Lines from the one containing "Fitilli Triko Elbise K3005 Siyah Fitilli" through the end of the material are to be retyped exactly; do not copy pictures.

Available data section start

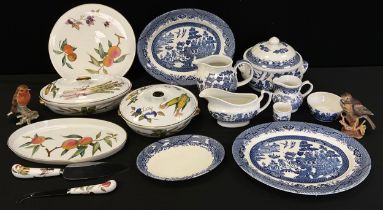 Ceramics - Royal Worcester Evesham oven to table ware, casserole dishes, oval bowls etc, Willow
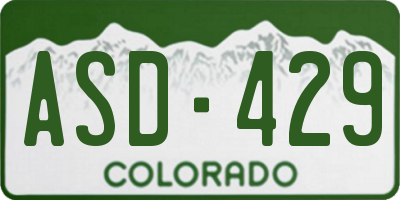 CO license plate ASD429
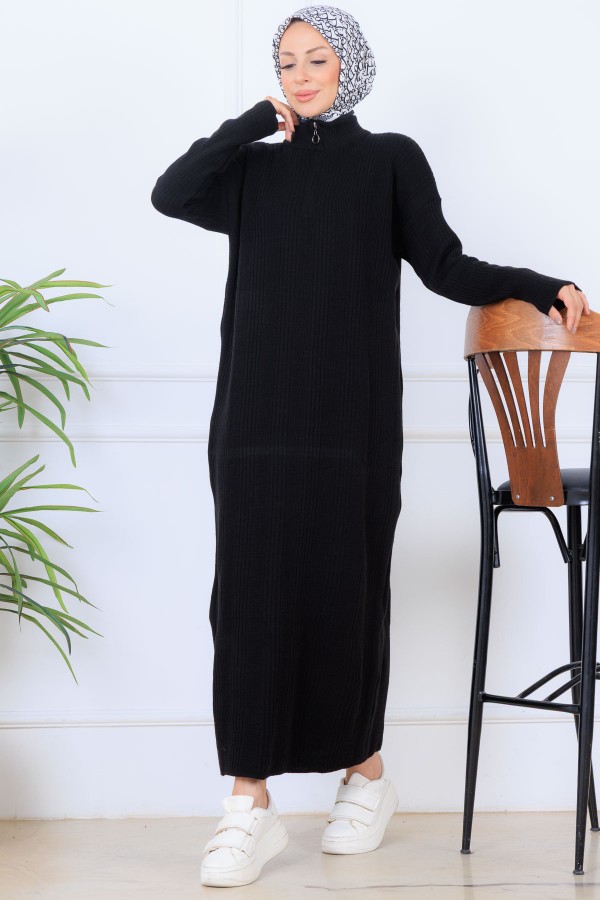 Fitilli Triko Elbise K3005 Siyah Fitilli Triko Elbise K3005 Siyah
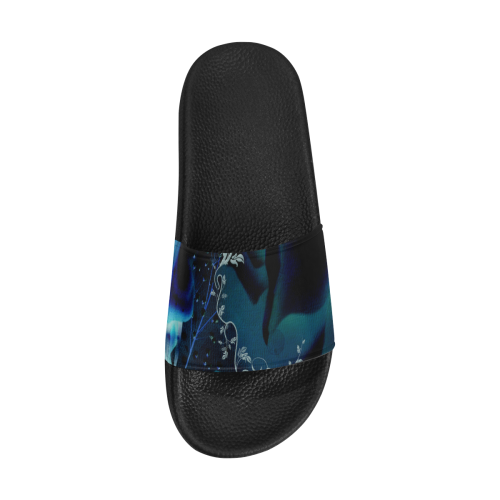 Floral design, blue colors Women's Slide Sandals (Model 057)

Available data section end

▶ [Written answer]
 Fitilli Triko Elbise K3005 Siyah Fitilli Triko Elbise K3005 Siyah
 Floral design, blue colors Women's Slide Sandals (Model 057)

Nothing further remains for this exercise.